This lesson is still being designed and assembled (Pre-Alpha version)

Introduction to Bioinformatics workflows with Nextflow and nf-core

Nextflow is workflow management software which enables the writing of scalable and reproducible scientific workflows. It can integrate various software package and environment management systems such as Docker, Singularity, and Conda. It allows for existing pipelines written in common scripting languages, such as R and Python, to be seamlessly coupled together. It implements a Domain Specific Language (DSL) that simplifies the implementation and running of workflows on cloud or high-performance computing (HPC) infrastructures.

This lesson also introduces nf-core: a community-driven platform, which provide peer reviewed best practice analysis pipelines written in Nextflow.
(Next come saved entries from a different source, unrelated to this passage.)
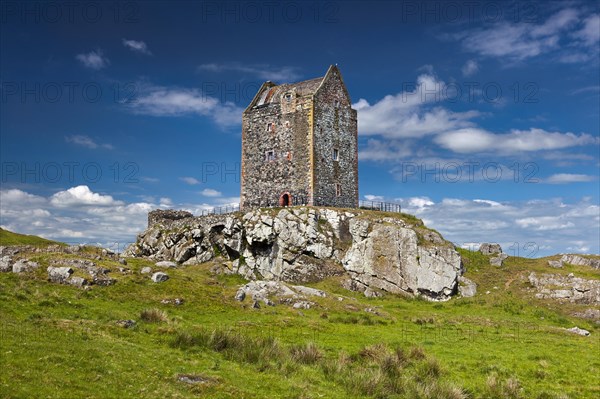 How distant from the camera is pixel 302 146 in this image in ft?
219

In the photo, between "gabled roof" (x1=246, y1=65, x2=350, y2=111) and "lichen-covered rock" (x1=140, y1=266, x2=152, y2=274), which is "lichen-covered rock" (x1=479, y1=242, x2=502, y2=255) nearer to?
"gabled roof" (x1=246, y1=65, x2=350, y2=111)

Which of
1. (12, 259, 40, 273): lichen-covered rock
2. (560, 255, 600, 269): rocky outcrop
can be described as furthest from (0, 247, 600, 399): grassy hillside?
(560, 255, 600, 269): rocky outcrop

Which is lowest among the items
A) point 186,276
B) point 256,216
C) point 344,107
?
point 186,276

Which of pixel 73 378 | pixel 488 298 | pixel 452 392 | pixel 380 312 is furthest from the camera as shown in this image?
pixel 488 298

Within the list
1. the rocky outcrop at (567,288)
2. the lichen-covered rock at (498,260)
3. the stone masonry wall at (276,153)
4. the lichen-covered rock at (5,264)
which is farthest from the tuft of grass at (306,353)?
the lichen-covered rock at (498,260)

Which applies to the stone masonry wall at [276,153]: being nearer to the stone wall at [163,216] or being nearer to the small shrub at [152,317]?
the stone wall at [163,216]

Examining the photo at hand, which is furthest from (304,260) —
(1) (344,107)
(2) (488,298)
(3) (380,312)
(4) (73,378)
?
(4) (73,378)

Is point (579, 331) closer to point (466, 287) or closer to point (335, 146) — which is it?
point (466, 287)

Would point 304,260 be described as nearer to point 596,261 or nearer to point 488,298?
point 488,298

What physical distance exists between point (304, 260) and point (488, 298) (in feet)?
68.7

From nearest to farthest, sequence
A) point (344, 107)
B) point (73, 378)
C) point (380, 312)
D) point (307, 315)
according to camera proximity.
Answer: point (73, 378) → point (307, 315) → point (380, 312) → point (344, 107)

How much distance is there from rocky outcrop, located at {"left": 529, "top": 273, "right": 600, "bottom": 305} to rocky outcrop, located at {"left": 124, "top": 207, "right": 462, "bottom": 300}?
28.4ft

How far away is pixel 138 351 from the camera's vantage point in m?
23.4

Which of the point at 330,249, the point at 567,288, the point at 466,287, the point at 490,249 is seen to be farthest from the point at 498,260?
the point at 330,249
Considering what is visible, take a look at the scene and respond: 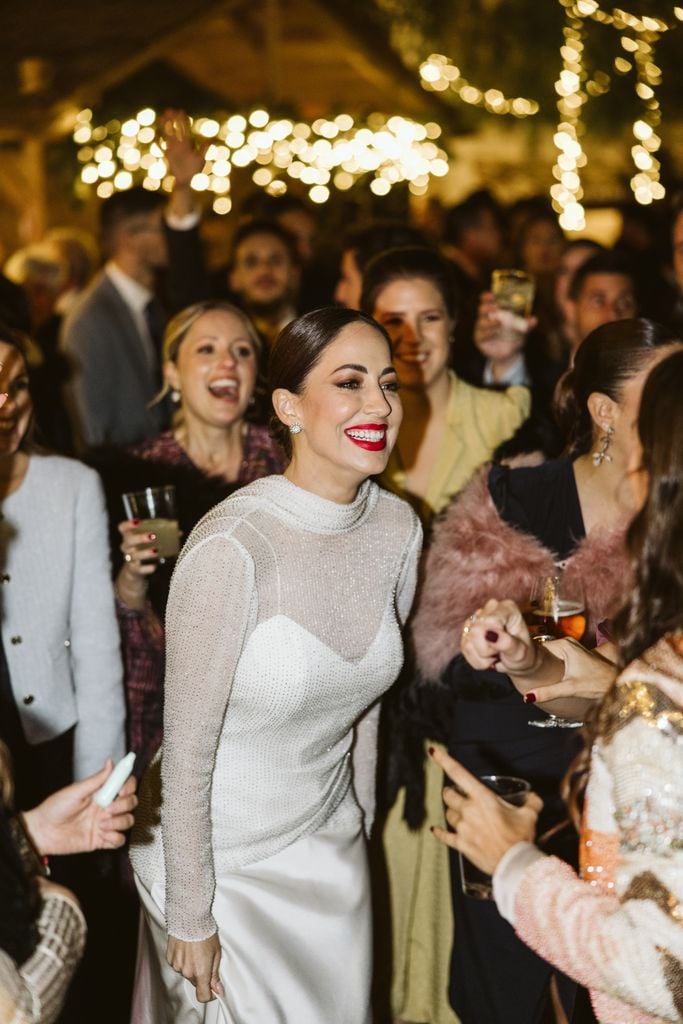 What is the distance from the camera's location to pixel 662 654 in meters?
1.61

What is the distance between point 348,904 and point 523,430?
1.62 meters

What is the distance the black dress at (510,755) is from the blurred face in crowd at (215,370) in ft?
2.82

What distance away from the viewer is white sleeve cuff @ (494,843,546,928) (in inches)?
67.2

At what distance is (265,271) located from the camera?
516 cm

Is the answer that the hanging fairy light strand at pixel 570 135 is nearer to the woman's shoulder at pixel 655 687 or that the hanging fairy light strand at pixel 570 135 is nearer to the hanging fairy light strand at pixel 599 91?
the hanging fairy light strand at pixel 599 91

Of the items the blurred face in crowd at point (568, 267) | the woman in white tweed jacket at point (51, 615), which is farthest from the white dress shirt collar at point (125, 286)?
the woman in white tweed jacket at point (51, 615)

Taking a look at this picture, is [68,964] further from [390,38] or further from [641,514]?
[390,38]

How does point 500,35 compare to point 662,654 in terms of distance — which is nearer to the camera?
point 662,654

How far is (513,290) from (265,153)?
4120 millimetres

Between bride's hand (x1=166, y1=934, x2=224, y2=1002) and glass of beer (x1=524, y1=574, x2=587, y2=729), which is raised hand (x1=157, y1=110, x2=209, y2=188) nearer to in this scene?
glass of beer (x1=524, y1=574, x2=587, y2=729)

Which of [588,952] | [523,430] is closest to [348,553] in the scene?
[588,952]

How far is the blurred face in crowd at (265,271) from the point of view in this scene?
516 centimetres

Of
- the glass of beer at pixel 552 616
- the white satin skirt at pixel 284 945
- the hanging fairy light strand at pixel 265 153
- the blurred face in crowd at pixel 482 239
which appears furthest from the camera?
the hanging fairy light strand at pixel 265 153

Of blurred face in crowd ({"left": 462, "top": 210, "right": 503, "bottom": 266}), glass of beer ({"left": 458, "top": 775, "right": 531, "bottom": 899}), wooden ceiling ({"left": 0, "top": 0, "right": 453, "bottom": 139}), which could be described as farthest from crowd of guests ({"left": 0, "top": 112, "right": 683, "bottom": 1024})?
wooden ceiling ({"left": 0, "top": 0, "right": 453, "bottom": 139})
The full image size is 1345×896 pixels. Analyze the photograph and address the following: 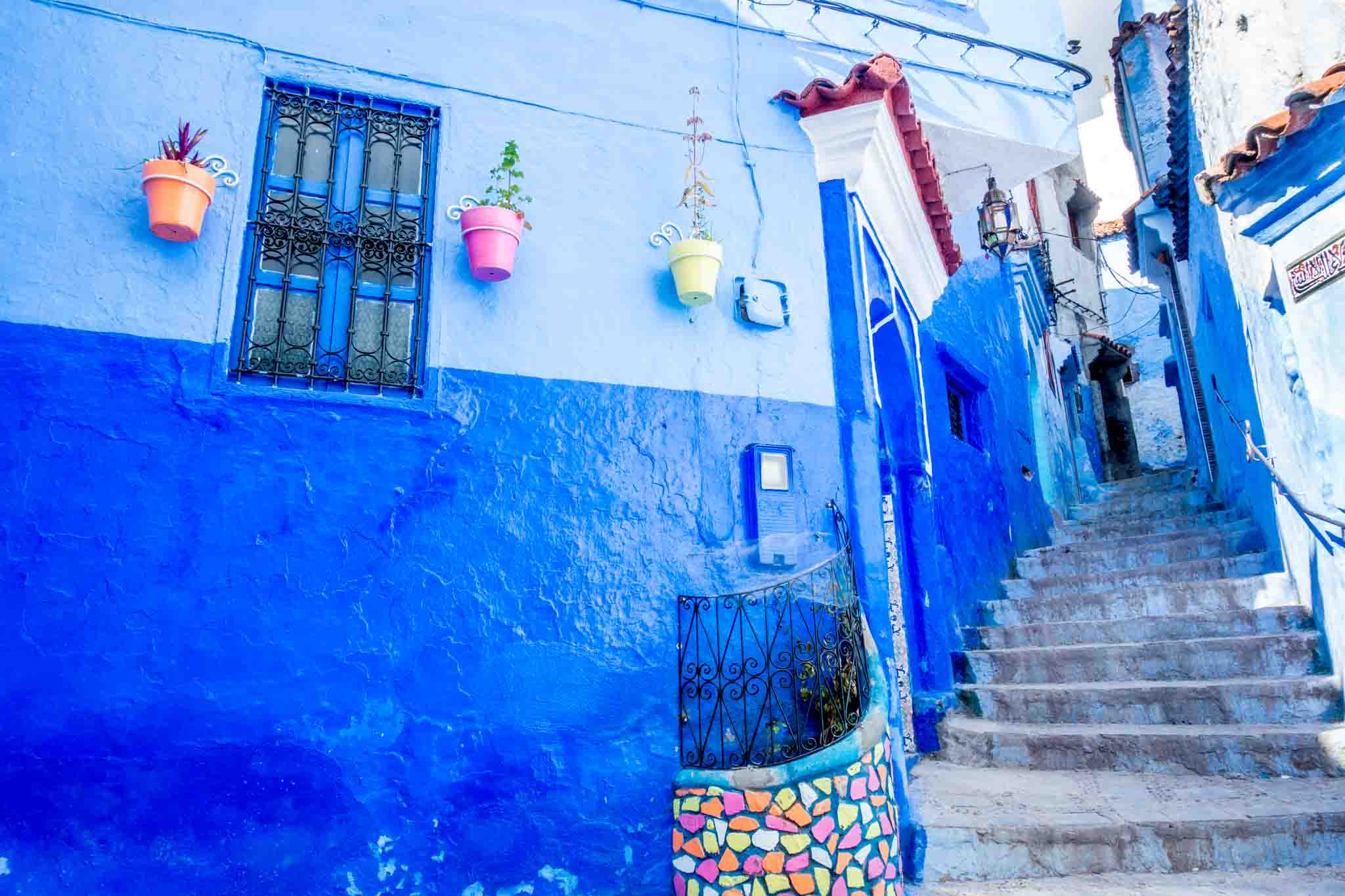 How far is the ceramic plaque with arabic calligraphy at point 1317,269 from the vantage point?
13.4 feet

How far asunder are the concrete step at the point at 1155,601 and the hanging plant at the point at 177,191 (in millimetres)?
6405

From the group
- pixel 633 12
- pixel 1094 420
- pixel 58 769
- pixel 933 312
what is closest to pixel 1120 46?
pixel 1094 420

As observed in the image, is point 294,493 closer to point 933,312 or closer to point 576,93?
point 576,93

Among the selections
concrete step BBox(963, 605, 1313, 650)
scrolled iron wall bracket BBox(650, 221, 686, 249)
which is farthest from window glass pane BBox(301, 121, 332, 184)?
concrete step BBox(963, 605, 1313, 650)

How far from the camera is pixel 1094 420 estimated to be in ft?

This lesson motivates the use of Nextflow and nf-core as development tools for building and sharing reproducible data science workflows.

lesson objectives

  1. The learner will understand the fundamental components of a Nextflow script, including channels, processes and operators.
  2. The learner will write a multi-step workflow script to align, quantify, and perform QC on an RNA-Seq data in Nextflow DSL.
  3. The learner will be able to write a Nextflow configuration file to alter the computational resources allocated to a process.
  4. The learner will use nf-core to run a community curated pipeline, on an RNA-Seq dataset.

Prerequisites

This is an intermediate lesson and assumes familiarity with the core materials covered in the Software Carpentry Lessons. In particular learners need to be familiar with material covered in The Unix Shell, and either Plotting and Programming in Python or R for Reproducible Scientific Analysis.

Schedule

Setup Download files required for the lesson
00:00 1. Getting Started with Nextflow What is a workflow and what are workflow management systems?
Why should I use a workflow management system?
What is Nextflow?
What are the main features of Nextflow?
What are the main components of a Nextflow script?
How do I run a Nextflow script?
00:40 2. Nextflow scripting What language are Nextflow scripts written in?
How do I store values in a Nextflow script?
How do I write comments in a Nextflow script?
How can I store and retrieve multiple values?
How are strings evaluated in Nextflow?
How can I create simple re-useable code blocks?
01:15 3. Workflow parameterization How can I change the data a workflow uses?
How can I parameterise a workflow?
How can I add my parameters to a file?
01:40 4. Channels How do I get data into Nextflow?
How do I handle different types of input, e.g. files and parameters?
How do I create a Nextflow channel?
How can I use pattern matching to select input files?
How do I change the way inputs are handled?
02:20 5. Processes How do I run tasks/processes in Nextflow?
How do I get data, files and values, into a processes?
03:05 6. Processes Part 2 How do I get data, files, and values, out of processes?
How do I handle grouped input and output?
How can I control when a process is executed?
How do I control resources, such as number of CPUs and memory, available to processes?
How do I save output/results from a process?
03:45 7. Workflow How do I connect channels and processes to create a workflow?
How do I invoke a process inside a workflow?
04:30 8. Operators How do I perform operations, such as filtering, on channels?
What are the different kinds of operations I can perform on channels?
How do I combine operations?
How can I use a CSV file to process data into a channel?
05:10 9. Nextflow configuration What is the difference between the workflow implementation and the workflow configuration?
How do I configure a Nextflow workflow?
How do I assign different resources to different processes?
How do I separate and provide configuration for different computational systems?
How do I change configuration settings from the default settings provided by the workflow?
05:55 10. Simple RNA-Seq pipeline How can I create a Nextflow pipeline from a series of unix commands and input data?
How do I log my pipelines parameters?
How can I manage my pipeline software requirement?
How do I know when my pipeline has finished?
How do I see how much resources my pipeline has used?
06:55 11. Modules How can I reuse a Nextflow process in different workflows?
How do I use parameters in a module?
07:40 12. Sub-workflows How do I reuse a workflow as part of a larger workflow?
How do I run only a part of a workflow?
08:00 13. Reporting How do I get information about my pipeline run?
How can I see what commands I ran?
How can I create a report from my run?
08:25 14. Workflow caching and checkpointing How can I restart a Nextflow workflow after an error?
How can I add new data to a workflow?
Where can I find intermediate data and results?
09:05 15. Deploying nf-core pipelines Where can I find existing bioinformatic pipelines?
How do I run nf-core pipelines?
How do I configure nf-core pipelines to use my data?
How do I reference nf-core pipelines?
09:45 Finish

The actual schedule may vary slightly depending on the topics and exercises chosen by the instructor.